And another understanding is that the Bible does not teach the idea of life after death in which a disembodied soul floats out of the body into heaven or survives at all. This says that we do not exist as souls contained in bodies, but we exist as bodies of unified flesh and soul. The death of the body is therefore the destruction of the person altogether. Paul explains elsewhere that death is the most powerful enemy of God, so powerful, in fact, that it is the last enemy of God to be destroyed. So, the Bible does not promise us "life after death," it instead promises that we will live again after we die. After all, if we simply go straight to Heaven when we die, what is the point of the resurrection of the dead?

There is a story of a man leaving a bar after having a rousing time there. He decided to take a shortcut home at midnight by walking through a cemetery. He didn’t see an opened grave and plunged into it. The impact stunned him just enough to enable his whiskey-laden mind and body to go straight asleep.

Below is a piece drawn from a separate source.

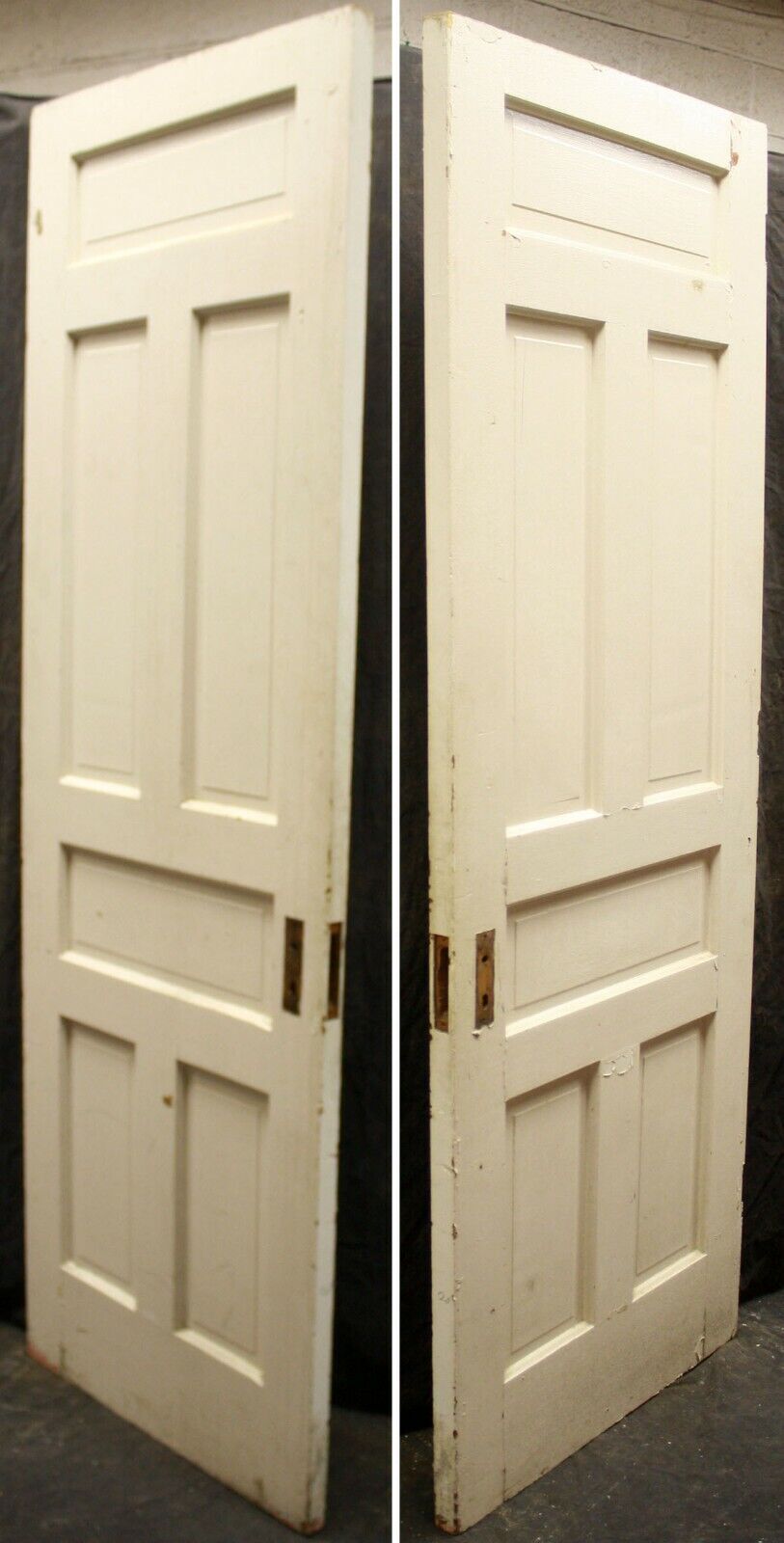 28"x83.5" Antique Vintage Old Reclaimed Salvaged Victorian Interior SOLID Wood Wooden Door 6 Panels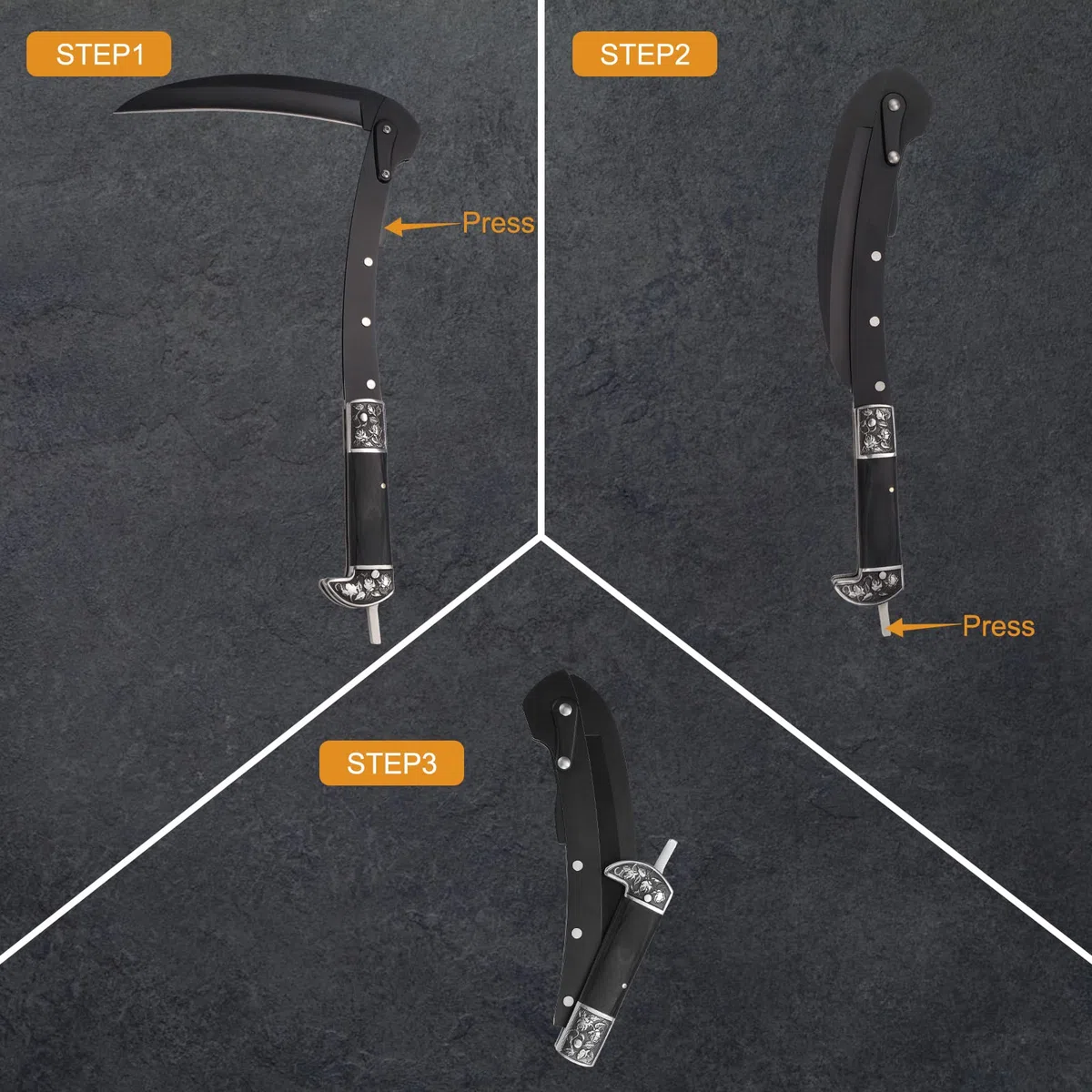 GVDV Hoz de Jardín Plegable, Fácil de Transportar, Hoja de 190 mm, para Hombres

At daylight he awoke, seeing the blue sky above and the walls of earth all around him. With a sudden fright, he leaped to his feet, stuck his head up and saw hundreds of tombstones and graves all about him. “How about that?” he exclaimed. “Here it is Judgment Day and I’m the first one up!”

That’s what Paul means: Jesus was the first one up. That’s why Paul calls Jesus "the first fruits of those who have died." Your resurrection and mine into eternal life have already begun. Jesus has showed the way. As Hebrews 12 puts it, Jesus is the pioneer of our faith.

Jesus’ resurrection, simply as an historical event, would be a mere curiosity unless it signified something greater than one day in the life of some women who went to a graveyard. The power of Jesus’ resurrection is about what it means for us now.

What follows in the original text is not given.